How 'Windows' affect time series forecasting

I am trying to understand the code used in:

They define further below what is a ‘multi_window’ in which several inputs have a label of several outputs. The WindowGenerator class is defined as:

class WindowGenerator():
  def __init__(self, input_width, label_width, shift,
               train_df=train_df, val_df=val_df, test_df=test_df,
               label_columns=None):
    # Store the raw data.
    self.train_df = train_df
    self.val_df = val_df
    self.test_df = test_df

    # Work out the label column indices.
    self.label_columns = label_columns
    if label_columns is not None:
      self.label_columns_indices = {name: i for i, name in
                                    enumerate(label_columns)}
    self.column_indices = {name: i for i, name in
                           enumerate(train_df.columns)}

    # Work out the window parameters.
    self.input_width = input_width
    self.label_width = label_width
    self.shift = shift

    self.total_window_size = input_width + shift

    self.input_slice = slice(0, input_width)
    self.input_indices = np.arange(self.total_window_size)[self.input_slice]

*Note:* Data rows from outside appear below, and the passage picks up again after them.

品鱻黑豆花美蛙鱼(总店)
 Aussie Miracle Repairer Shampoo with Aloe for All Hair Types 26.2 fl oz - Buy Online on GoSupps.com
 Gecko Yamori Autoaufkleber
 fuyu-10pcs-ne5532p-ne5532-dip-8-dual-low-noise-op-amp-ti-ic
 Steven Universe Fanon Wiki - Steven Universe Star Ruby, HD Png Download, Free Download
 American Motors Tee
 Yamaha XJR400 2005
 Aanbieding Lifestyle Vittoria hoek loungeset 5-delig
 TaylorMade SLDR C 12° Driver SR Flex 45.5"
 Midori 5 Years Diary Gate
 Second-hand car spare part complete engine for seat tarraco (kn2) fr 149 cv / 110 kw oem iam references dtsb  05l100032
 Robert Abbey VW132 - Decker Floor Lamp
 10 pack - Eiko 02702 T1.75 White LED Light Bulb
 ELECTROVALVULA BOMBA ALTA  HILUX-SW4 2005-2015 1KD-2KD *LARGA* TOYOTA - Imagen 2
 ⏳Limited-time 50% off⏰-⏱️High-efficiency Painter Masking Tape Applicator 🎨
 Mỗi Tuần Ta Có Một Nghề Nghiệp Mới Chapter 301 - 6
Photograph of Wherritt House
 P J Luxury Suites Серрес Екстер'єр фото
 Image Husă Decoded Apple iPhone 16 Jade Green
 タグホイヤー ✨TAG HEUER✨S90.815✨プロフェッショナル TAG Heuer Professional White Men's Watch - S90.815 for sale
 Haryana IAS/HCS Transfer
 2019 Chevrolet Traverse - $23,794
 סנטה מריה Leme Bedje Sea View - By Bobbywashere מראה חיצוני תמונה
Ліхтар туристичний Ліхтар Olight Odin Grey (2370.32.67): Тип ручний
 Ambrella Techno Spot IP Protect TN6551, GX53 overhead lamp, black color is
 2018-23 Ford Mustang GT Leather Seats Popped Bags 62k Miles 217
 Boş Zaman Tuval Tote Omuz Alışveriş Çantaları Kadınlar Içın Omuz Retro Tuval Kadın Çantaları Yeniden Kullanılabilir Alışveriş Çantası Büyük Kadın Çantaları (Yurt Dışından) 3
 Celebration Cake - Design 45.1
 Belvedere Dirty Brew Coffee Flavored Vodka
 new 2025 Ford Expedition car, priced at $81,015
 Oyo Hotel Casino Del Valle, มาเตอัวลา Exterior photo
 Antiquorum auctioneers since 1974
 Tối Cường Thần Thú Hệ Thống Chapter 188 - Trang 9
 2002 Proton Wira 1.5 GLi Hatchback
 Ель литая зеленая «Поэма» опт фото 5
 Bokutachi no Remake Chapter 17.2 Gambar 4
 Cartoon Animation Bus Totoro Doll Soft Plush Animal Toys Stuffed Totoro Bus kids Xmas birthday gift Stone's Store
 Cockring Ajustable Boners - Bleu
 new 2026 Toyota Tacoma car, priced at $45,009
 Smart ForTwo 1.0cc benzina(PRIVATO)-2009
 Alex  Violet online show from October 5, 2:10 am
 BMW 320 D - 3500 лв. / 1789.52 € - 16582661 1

    self.label_start = self.total_window_size - self.label_width
    self.labels_slice = slice(self.label_start, None)
    self.label_indices = np.arange(self.total_window_size)[self.labels_slice]

  def __repr__(self):
    return '\n'.join([
        f'Total window size: {self.total_window_size}',
        f'Input indices: {self.input_indices}',
        f'Label indices: {self.label_indices}',
        f'Label column name(s): {self.label_columns}'])

But this is then used as an input when calling the ‘model.fit’ function:

def compile_and_fit(model, window, patience=2):
  early_stopping = tf.keras.callbacks.EarlyStopping(monitor='val_loss',
                                                    patience=patience,
                                                    mode='min')

  model.compile(loss=tf.losses.MeanSquaredError(),
                optimizer=tf.optimizers.Adam(),
                metrics=[tf.metrics.MeanAbsoluteError()])

  history = model.fit(window.train, epochs=MAX_EPOCHS,
                      validation_data=window.val,
                      callbacks=[early_stopping])
  return history

You can see this in the initialization of ‘history’ where the training set of the raw data is returned.

From what I can make sense of, the input_width and label_width of the Window does not affect what goes into the LSTM at all, as the only thing that is being called is the validation and test sets.

Hi @Carl_Johnson,

Sorry for the delay in response.
The window parameters (input_width and label_width) are important for preparing the training data, even if they’re not directly used in the model.fit() call.It has been used for transforming the raw time series data into suitable format for in case of LSTM it expects input in the shape (batch_size, timesteps, features).

In this tutorial, we can see that the make_dataset() method and the timeseries_dataset_from_array() function create sequences based on the total window size. The split_window() method then explicitly separates these sequences, extracting input sequences of length input_width and label sequences of length label_width. When calling model.fit(), the training dataset passed to the model contains sequences prepared according to these window parameters.So, the windows would definitely affect the timeseries forecasting.

Hope this helps.Thank You.